Vivastella
Il y a le jeune homme amoureux des fleurs et surtout des dahlias, le porte-drapeau qui pavoise tout Paris aux couleurs des aléas politiques, cette danseuse sur les bords du Tage, ce peintre acrobate au service d'un artiste démiurge, ou encore ces deux aviateurs qu'un mystère sépare et réunit sur trois plaques photographiques éparpillées à travers le monde. À toute vitesse, les récits s'enchaînent, forment une ronde, des boucles à travers le temps, d'une guerre à l'autre, de l'illusion à la désillusion. Les huit tableaux de Vivastella mettent en scène la rencontre, la séduction et la séparation d'individus jetés comme des dés dans le tumulte de la grande Histoire, tous unis par un motif à double tête : la peur et le désir.
Tout au long de leurs courses folles, d'hôtels de luxe en casinos, de gargotes en maisons de rendez-vous, les pantins anonymes de cette comédie humaine des Années folles, puis des Années sombres, croisent la route de Cocteau, Arletty, Mae West, Douglas Fairbanks, Doriot ou même Staline. Et aussi un certain Georges Dewalter, tout droit sorti du roman L'Homme à l'Hispano, de Pierre Frondaie. Chaque portrait est celui d'une cassure, d'une incompréhension, matérialisée par un objet, un fétiche, une obsession.
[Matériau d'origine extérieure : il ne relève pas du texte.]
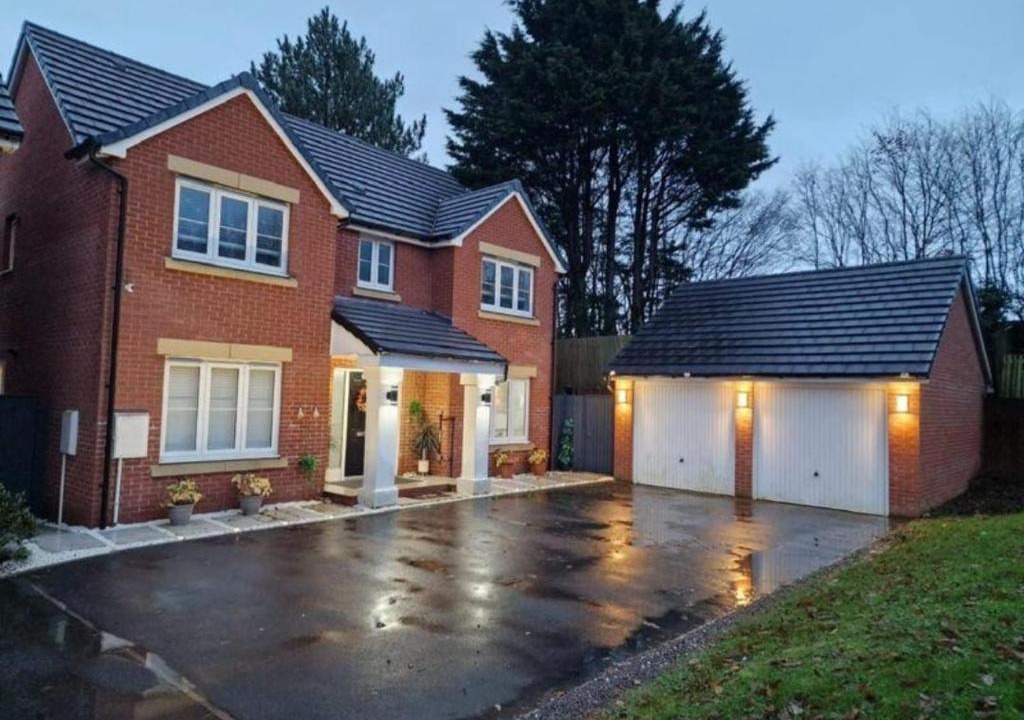 Cardiff House | Luxury Modern 5 Bedroom House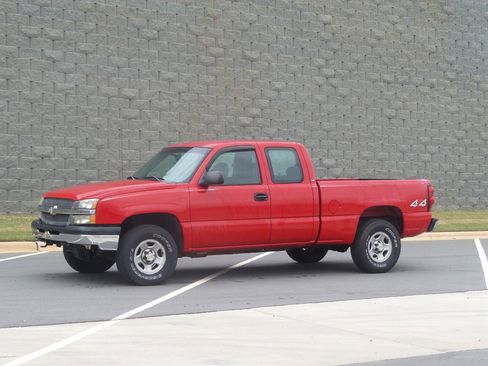 Used 2004 Chevrolet Silverado 1500 W/T image 2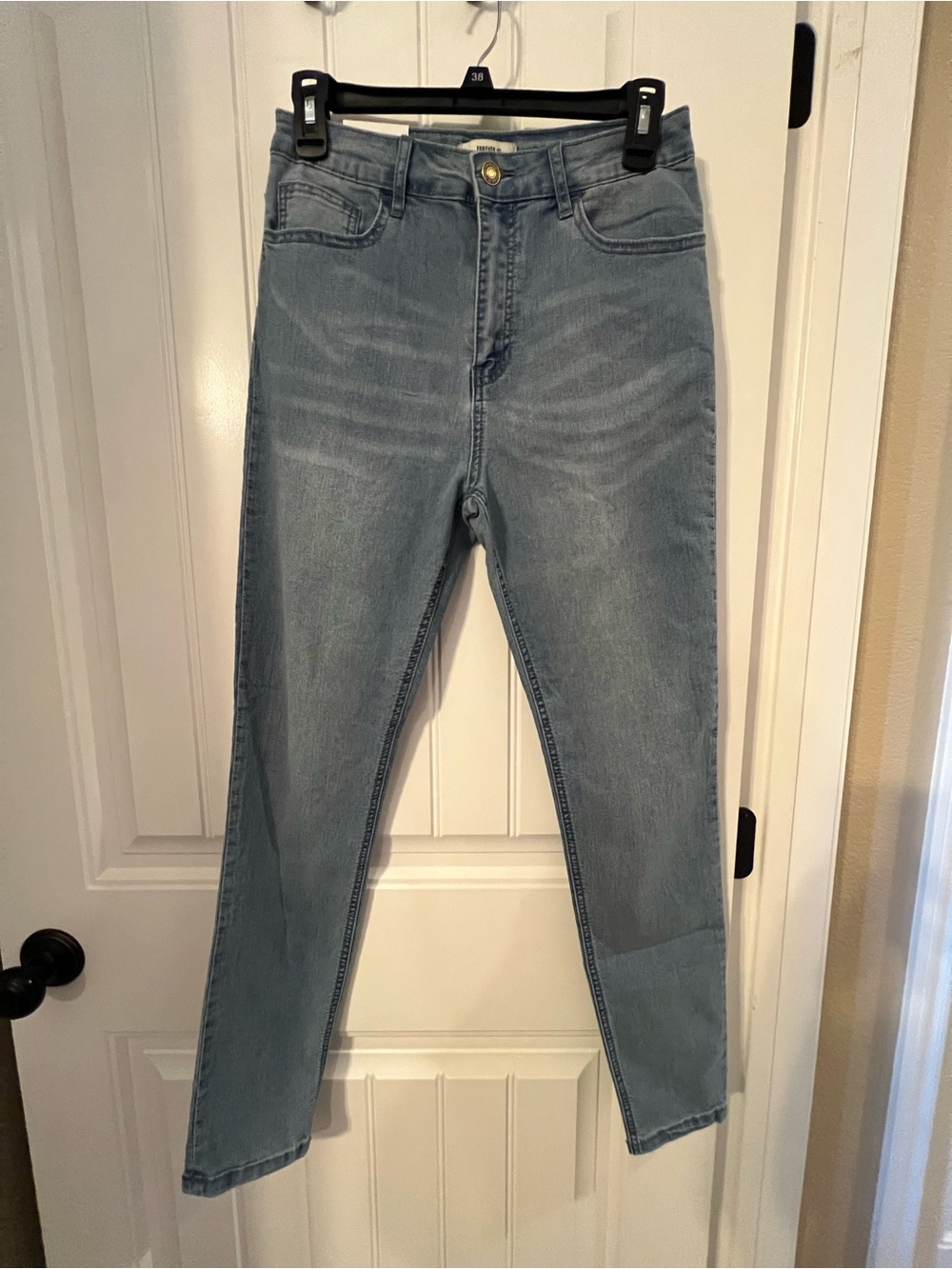 Forever 21 Classic High-Rise Skinny Fit Light Blue Denim Jeans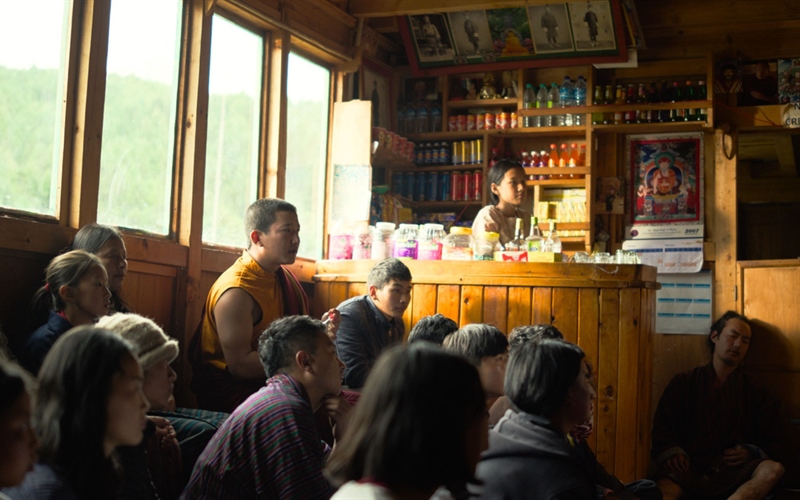 Synopsis of The Monk and the Gun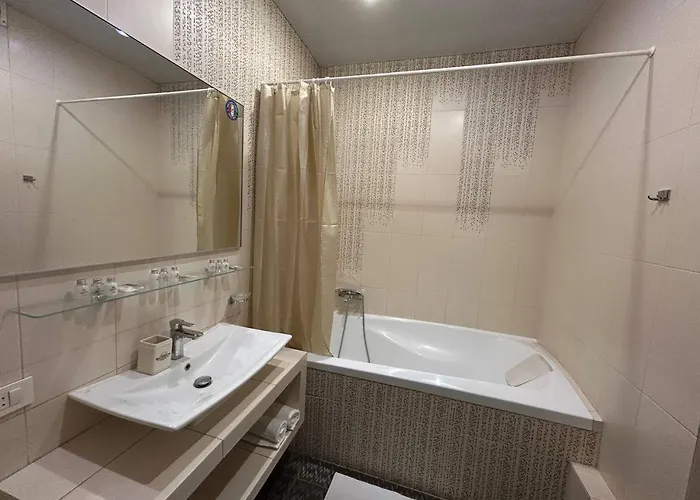 Ckey In The Center *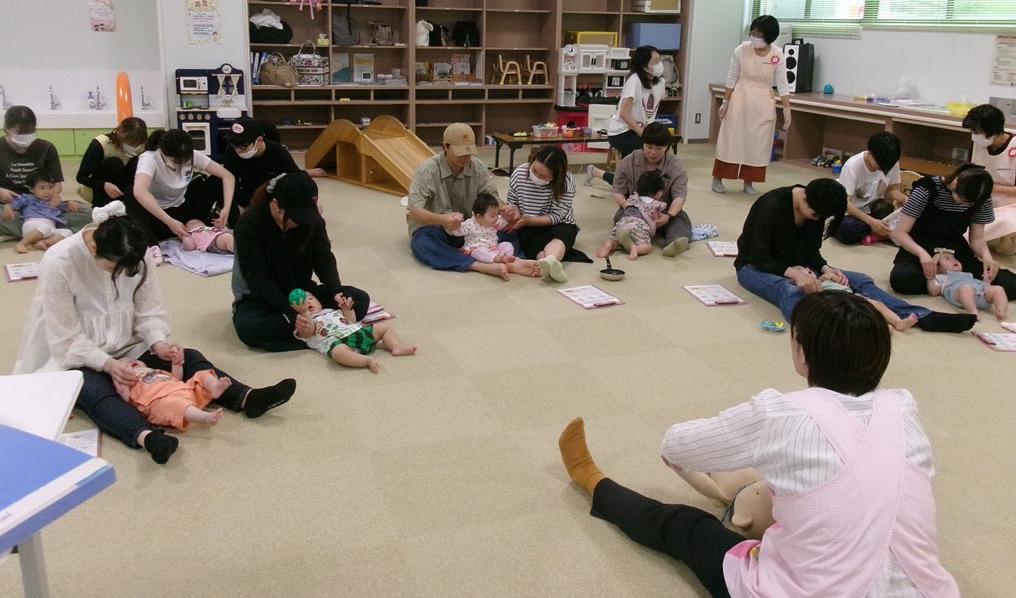 7月歯っぴー教室でお口の体操をする参加者の様子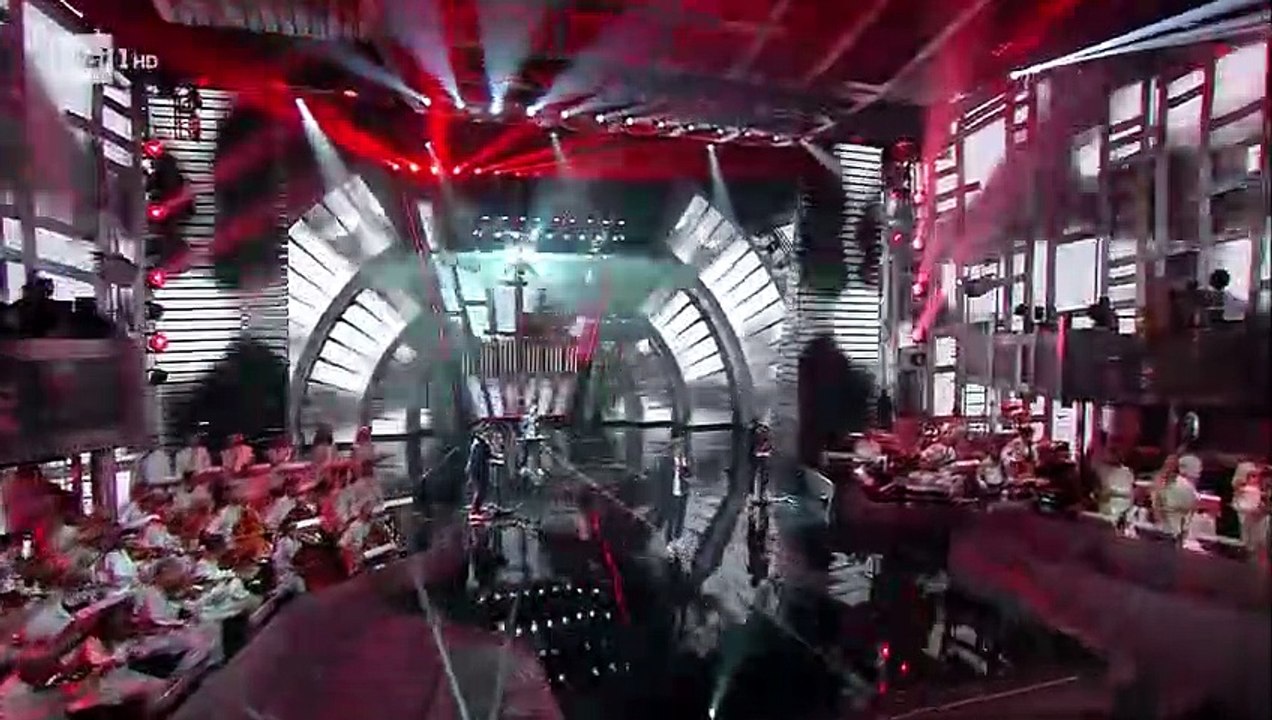 Eurovision 2018 - Lo Stato Sociale canta Una vita in vacanza - 68 Festival Sanremo 2018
Il y a, chez Yves Pourcher, une jouissance du rythme, de la danse infinie. La vie va, éperdument, à bord de l'Orient Express, du Yankee Clipper comme d'une Renault Vivastella, leitmotiv de l'ouvrage. Mais c'est un amour teinté du désespoir des éternels déçus, des oublieux et des oubliés. En filigrane, une solitude profonde s'insinue dans ces pages intenses où les êtres sont happés, puis séparés par les lignes brouillées du temps. Chaque récit de cette fresque quasi-cinématographique devient un vertige qui ne peut cacher la médiocrité des uns, la tristesse des autres et la finitude de tous.